Sans entrer dans la polémique, il devient nécessaire d'informer. En dehors des fédérations nationales avec délégation de pouvoir du ministère, il y a aujourd'hui une réelle difficulté à apprécier un grade quel qu'il soit.
Bien sûr, la finalité du Kyudo se trouve ailleurs, vous diront certains Japonais.
Alors, Messieurs ! Pourquoi donner des grades au hasard, créant l'anarchie qui devient à peu près complète ?
C'est que les Japonais, de leur côté, furent agréablement surpris que les Européens, les Occidentaux s'intéressent à leur discipline et, pour les remercier, ont commencé à offrir généreusement à qui le demandait des stages, un enseignement et des grades, même de hauts niveaux auxquels l'Européen va s'accrocher comme à un hochet.

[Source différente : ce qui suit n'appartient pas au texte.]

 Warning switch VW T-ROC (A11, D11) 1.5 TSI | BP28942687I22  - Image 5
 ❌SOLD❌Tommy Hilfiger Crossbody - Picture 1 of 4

La deuxième surprise des Japonais sera de voir que les Occidentaux n'ont pas compris le message et se prennent pour des Grands Maîtres.
Aux Etats-Unis notamment, on se désintéresse de plus en plus des reconnaissances de grades.

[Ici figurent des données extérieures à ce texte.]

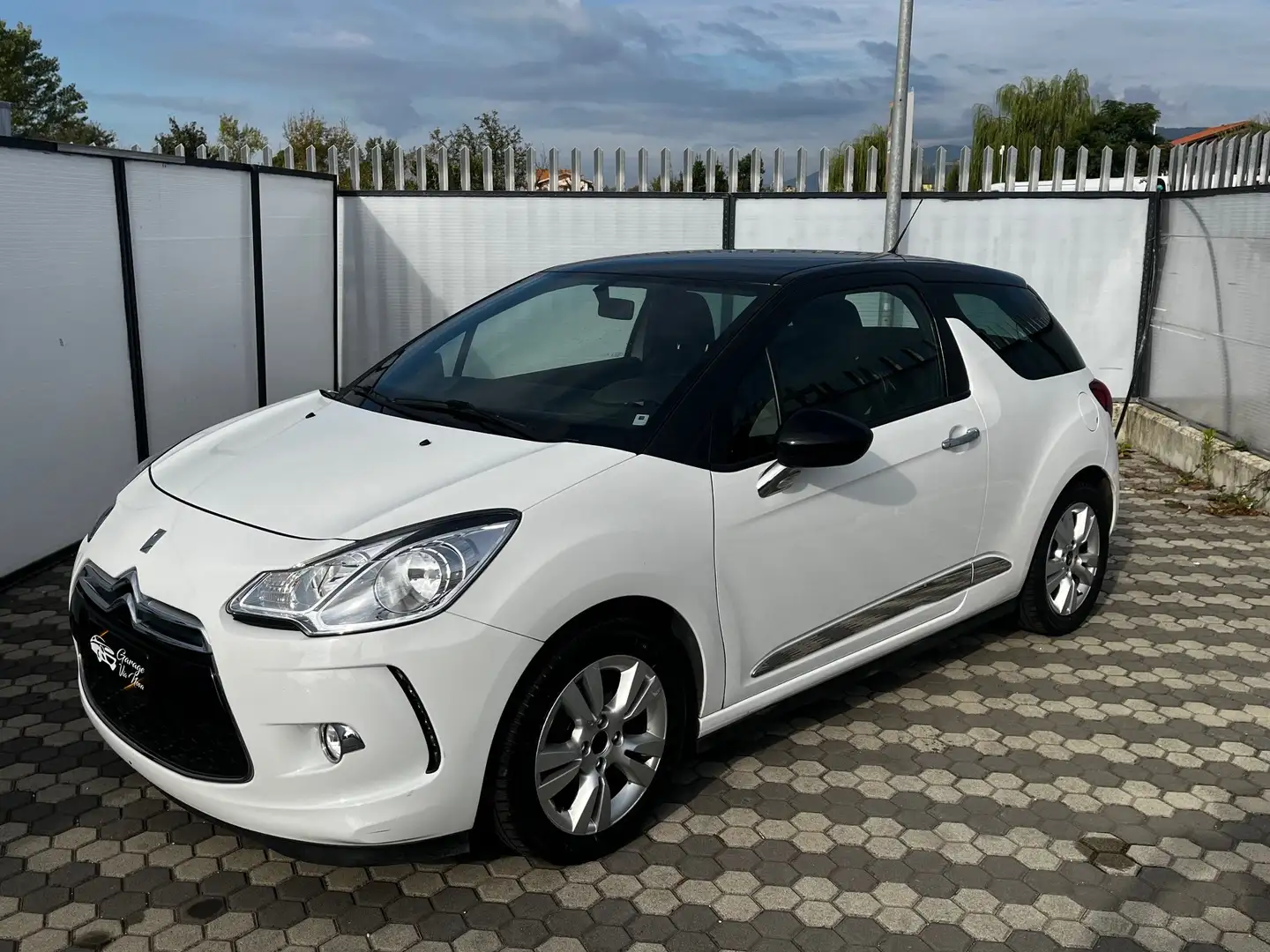 Citroen DS3 DS3 1.4 hdi Chic 70cv Blanc - 1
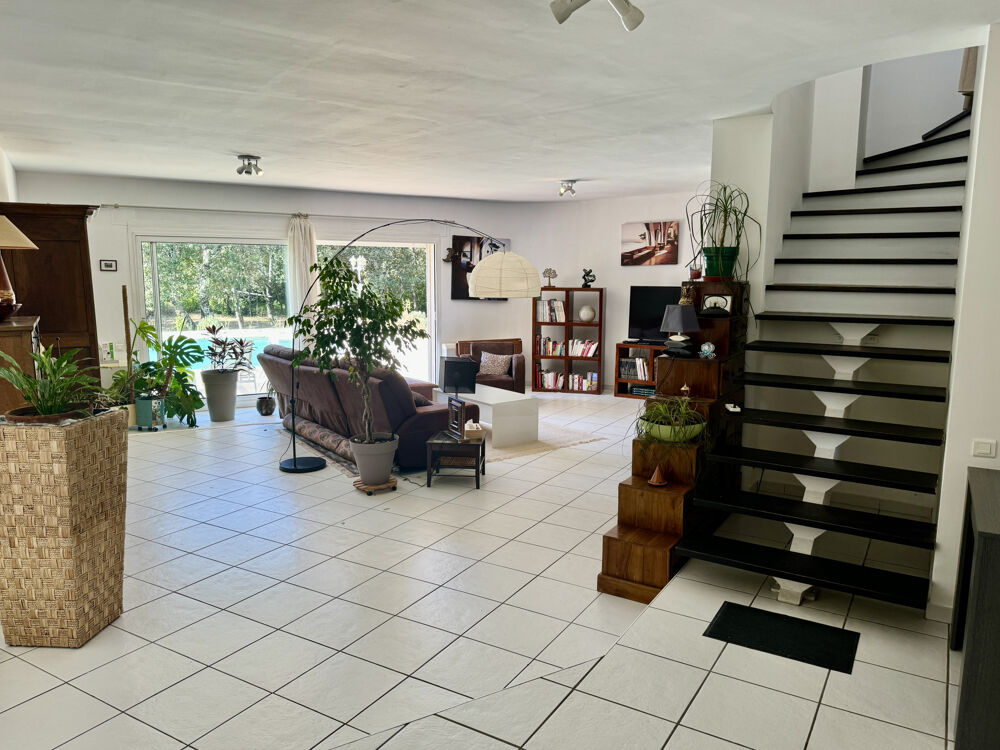 Villa contemporaine 13 pièces - 290 m2 - 4789 m2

Au-delà du premier dan, les champions dans les Shiaï s'attribuent eux-mêmes des hauts grades ; un signe de modestie évident !


La notion de grade est devenue floue.

Bien entendu, tout ceci ne change évidemment rien dans la progression de tout Kyudojin sincère. Le système des dan à l'ancienne existe toujours avec sa sévérité, son attachement à des valeurs sûres.
Un vieux maître de Kyudo disait : " Pour vraiment entrer dans la discipline et la comprendre, l'engagement est de trente ans ; là est le vrai commencement, le dan est un fantôme ".


Au-delà de la surenchère actuelle des grades, espérons qu'il y ait des gens conscients et sincères permettant l'éveil du Budo Japonais en Occident.